Por: Antonio Caballero
| Foto: Antonio Caballero



También nuestra época adora este Becerro de Oro. Otras lo han hecho, sí. Pero con mala conciencia: a sabiendas de que eso no era bueno. Se ha pecado siempre, pero ha sabiendas de que el pecado, aunque placentero, era pecado. Como san Agustín, cuando acosado por el deseo de la lujuria, pedía: "¡Dame la castidad, Señor, pero todavía no!". Solo nuestra época adora el Becerro de Oro convencida de buena fe de que es el verdadero Dios, y solo ella tiene todos los pecados por virtudes. Lean ustedes los periódicos, miren la televisión, hojeen las páginas de anuncios de esta misma revista: todo es un canto a la codicia, al deseo desordenado de riquezas, al afán de lucro. Lean los artículos del ex ministro de Hacienda Rudolf Hommes.

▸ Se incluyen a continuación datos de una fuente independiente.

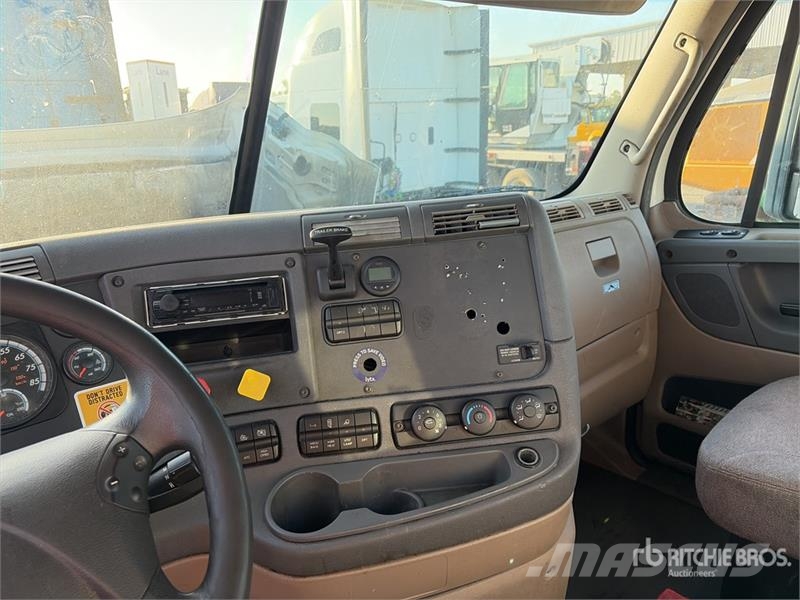 Freightliner Cascadia 113 Vetopöytäautot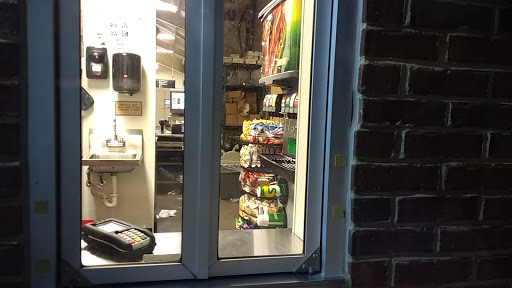 Grocery Store «Crossroads IGA», reviews and photos, 14010 Shelbyville Rd, Louisville, KY 40245, USA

Aunque, por supuesto, no es la escuela neoliberal de pensamiento económico la única que convierte en virtud el pecado capital de la avaricia: ya Guizot, a mediados del siglo XIX, les decía a los franceses: "Enriqueceos". Nunca, sin embargo, el ansia insaciable de riquezas había tenido tan buena prensa como hoy, ni tanta prensa. Un dibujo de Mort Gerberg en la revista New Yorker mostraba a los otros seis pecados capitales mirando la televisión, en donde la codicia alzaba los brazos haciendo la V de la victoria. Y comentaba la envidia: "Últimamente le están dando más cobertura mediática de la que se merece". Ya nadie predica la austeridad de costumbres, como los estoicos. Tampoco a nadie se le ocurre ya decir que el dinero es "el estiércol del diablo", como pensaba san Ambrosio. Nadie le advierte a nadie, como san Pablo a los tesalonicenses, que la codicia es "raíz de todo mal". Nadie cree, como san Jerónimo, que "si uno es rico es porque o ha robado, o su padre ha robado": y no lo cree nadie, aunque se sepa, pues al robo se lo llama hoy "creación de riqueza".

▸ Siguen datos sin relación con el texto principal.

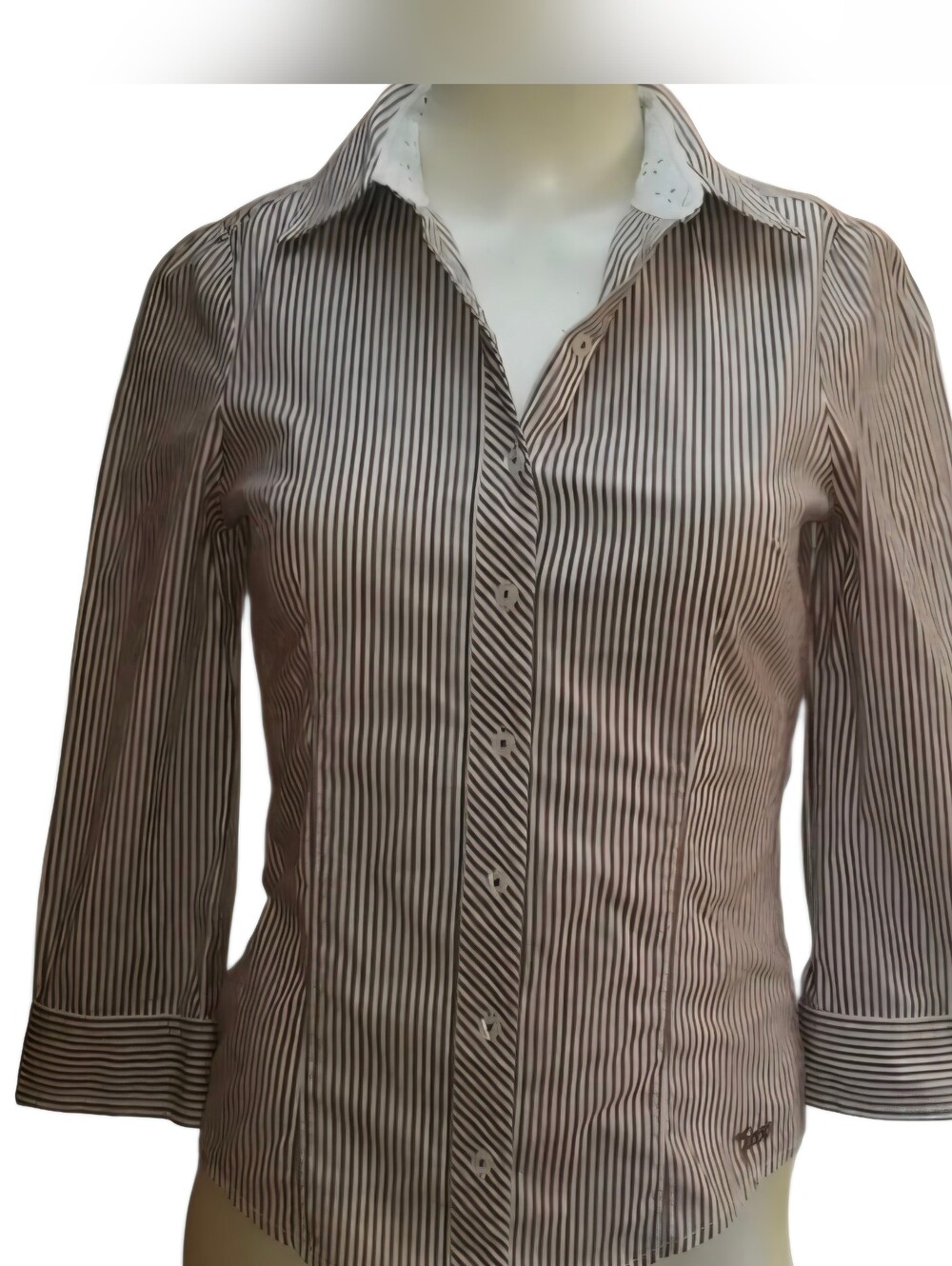 NWOT Guess white button down w/wine - crimson pinstripes. Women's small.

Todavía en la Inglaterra decimonónica de Carlos Dickens -y de Carlos Marx- se pensaba que la figura del avariento Scrooge, el personaje de Cuento de Navidad, era repulsiva. En este siglo XXI, Scrooge sería nuestro santo patrón, y lo nombrarían síndico de la Bolsa de Nueva York.

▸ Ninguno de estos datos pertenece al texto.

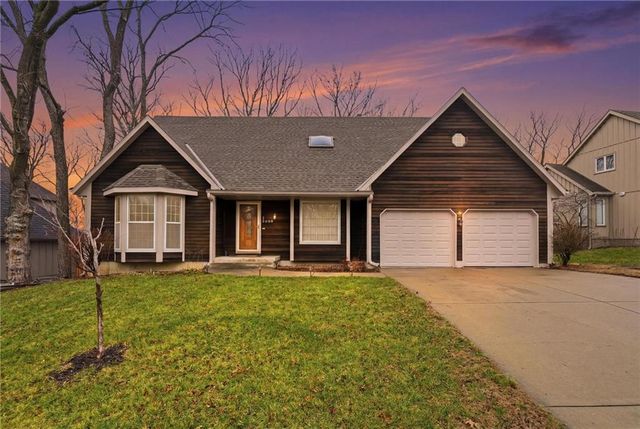 8003 Mullen Road, Lenexa, KS 66215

Pero la economía es una ciencia misteriosa. Resulta que tan útil desde el punto de vista de la economía (y tan censurable desde el punto de vista de la moral), como la avaricia es el vicio opuesto: la prodigalidad. (En buena lógica debería ser una virtud; pero también la moral es una ciencia misteriosa). Así como es necesaria la acumulación de capital, así es necesario también que el capital circule. La prodigalidad, sin embargo, es simplemente un defecto: no un pecado capital. Se llaman capitales los que inducen a otros pecados, o conducen a ellos. Por eso, el Evangelio, tan severo con los codiciosos -"más fácil es que un camello pase por el ojo de una aguja a que un rico entre en el Reino de los Cielos"-, es en cambio indulgente hacia los pródigos. Al hijo pródigo de la parábola, que dilapida toda su herencia, su padre lo recibe de vuelta matando para él los más tiernos corderillos. Por el contrario, la avaricia no se perdona: en otra parábola, la de los talentos, el más castigado es el que ha enterrado el suyo como un tesoro, sin invertirlo ni gastarlo.
Lo dice la sabiduría popular: "La avaricia rompe el saco". Los economistas prefieren hablar de 'ciclos'.